Related: How to Get Six Pack Abs of Granite
Obliques protect the spine and contribute to the Adonis belt that runs down the sides of the torso towards the front of the pelvis. Many of you may train abdominals once, twice, or at most three times per week, using the same two or three exercises you’ve been using for months or even years. While consistency, proper form, and progression on a given abdominal exercise are key elements for increasing strength and inducing hypertrophy, the introduction of intensity-increasing variations are also important.
By presenting a novel stimulus to the abdominal muscles you can expedite neuromuscular strength increases, blast through plateaus, and increase muscle fiber recruitment. This article discusses a number of popular abdominal exercises and presents variations that increase intensity without significantly changing the movement pattern.
Making Your Ab Workouts and Exercises More Intense
Cable crunches, most commonly performed kneeling, are one of the most popular exercises to target the upper region of the rectus abdominis, commonly referred to as the upper abdominals. The typical set up for this exercise involves placing a towel, exercise pad, or yoga mat on the ground a few steps away from a cable tower, moving the pulley pin as high as possible, and attaching the double-knobbed rope handle.
The trainee then grasps the rope attachment with a neutral grip (palms facing each other), kneels down on to the pad, places the rope knobs in-line with the ears or neck, and then crunches the weight using the abdominal muscles. While this is a fine way to perform the movement many trainees are able to max out the cable tower weight after just a year or so of abdominal training.

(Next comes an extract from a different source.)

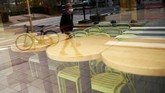FOTO: Belgia Alami 'Tsunami' Virus Corona Belgia dilaporkan tengah menghadapi 'tsunami' infeksi virus corona dan pemerintaha kewalahan.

To increase the intensity without jacking up the repetition requirement or weight extend the arms and move the rope attachment away from your body. You may have to kneel a few steps further away from the cable tower so that you can fully extend (but not hyperextend) your arms.
Keeping your wrists and elbows in-line with your shoulders, slowly crunch down as far as comfortably possible, focusing on squeezing the abdominal muscles. This variation is humbling and may require you to drop the working weight by up to 50% compared to traditional kneeling cable crunches.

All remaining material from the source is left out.